Era una tempestad de júbilo, que alcanzaba su clímax con el Bando, a nuestro alcance si nos encaramábamos en las murallas ahí mismo, al pie de la Calle del Curato, sacándole el cuerpo a los buscapiés y oyendo a las mujeres de todas las edades opinando sobre las candidatas de los departamentos.

La Plaza de los Coches era un conjunto de tenderetes que ocupaban las tres bocas de la Torre del Reloj y un territorio de equipos de sonido a todo volumen dejando sonar las trompetas celestiales de la orquesta de Ricardo Ray, que daban paso a la atronadora garganta de Bobby Cruz cantando “me voy a casa’e Ramón a comer a rroz con dulce y el rabito del lechón...” y se veían los salseros con sus camisas de colores entrecruzados, sus pantalones de terlenka bota campana y sus zapatos de plataforma bien pulidos y brillantes, moviendo sus piernas largas con agilidad asombrosa.

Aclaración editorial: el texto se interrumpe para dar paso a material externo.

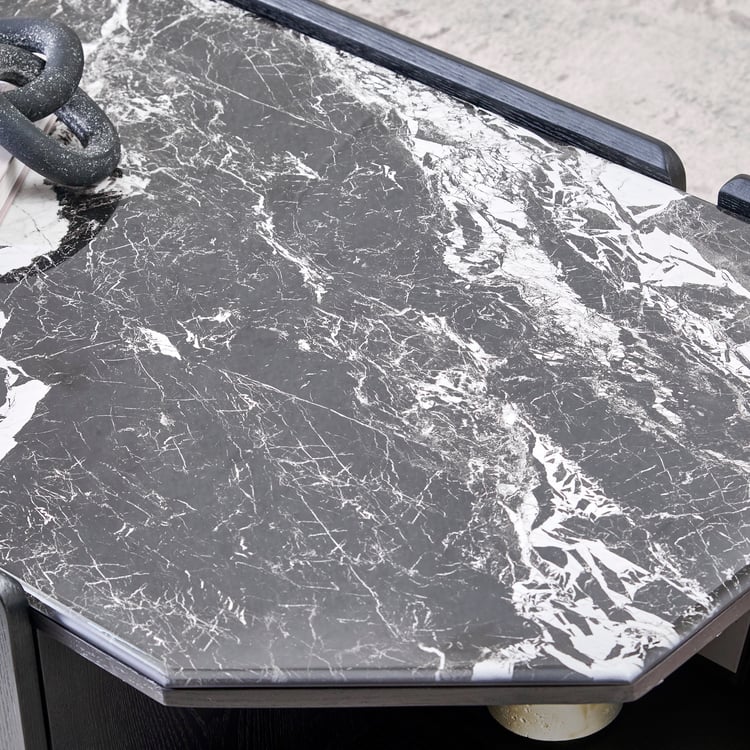 Zane Faux Marble Top Coffee Table - Black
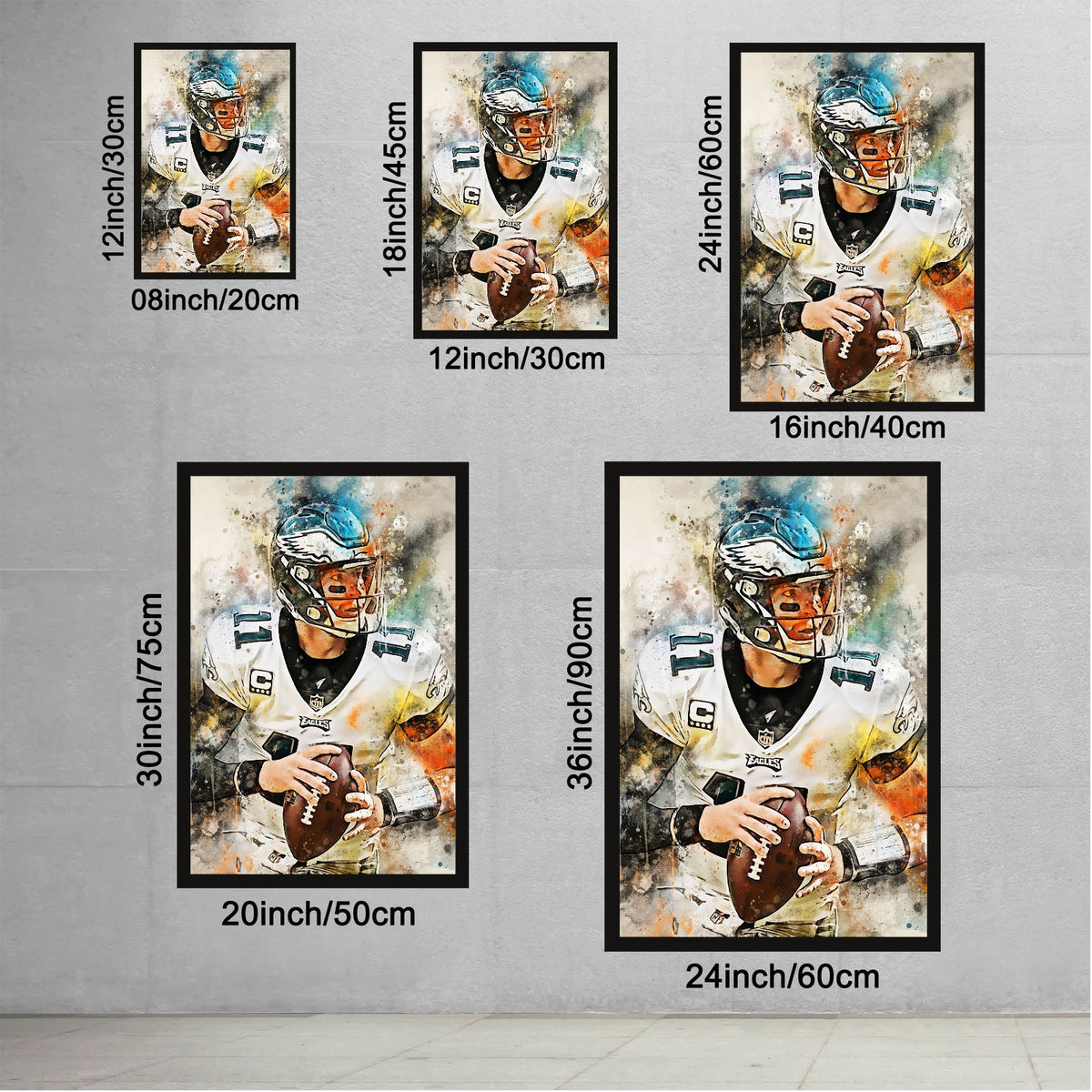 Carson Wentz Celebrity Sports Art Poster School Dining Room Decoration 7 Canvas Wall Art Poster Decor Gift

Mi memoria de las Fiestas Novembrinas en San Diego está vinculada con una canción que habitualmente se asimila al 8 de diciembre –“Las 4 fiestas”– porque allí se habla del Carnaval de Barranquilla, de caretas, comparsas, carrozas y disfraces.

La celebración novembrina en San Diego tenía un componente que contribuía al clima de alegría y gozo: en la esquina de las calles De La Universidad y Sargento Mayor estaban los estudios de Emisoras Fuentes, que tenía un enorme radioteatro, donde desde comienzos de octubre presentaban a las candidatas populares en los numerosos programas que llevaban el término “novembrino” acompañada de pregón, tambores, aires, ritmos, entre otros.

Pero lo más inolvidable de estas fiestas era que reflejaban el espíritu de barrio, de vecindad, de comunidad unida que se expresaba en un delirio colectivo, con sus personajes cotidianos elevados a la categoría de héroes de la parranda reconocidos por todo el mundo: el doctor Suárez que tenía tanta influencia que invitaba a su casa a otra candidata al Concurso Nacional de Belleza o el Negro Buelvas que ponía su tienda al servicio de todos, mientras gritaba alegre “¡Quiebra!”.

Hoy la fiesta novembrina de San Diego tiene otras voces y otros ámbitos, mientras los viejos moradores desperdigados aquí y allá bailan con el recuerdo.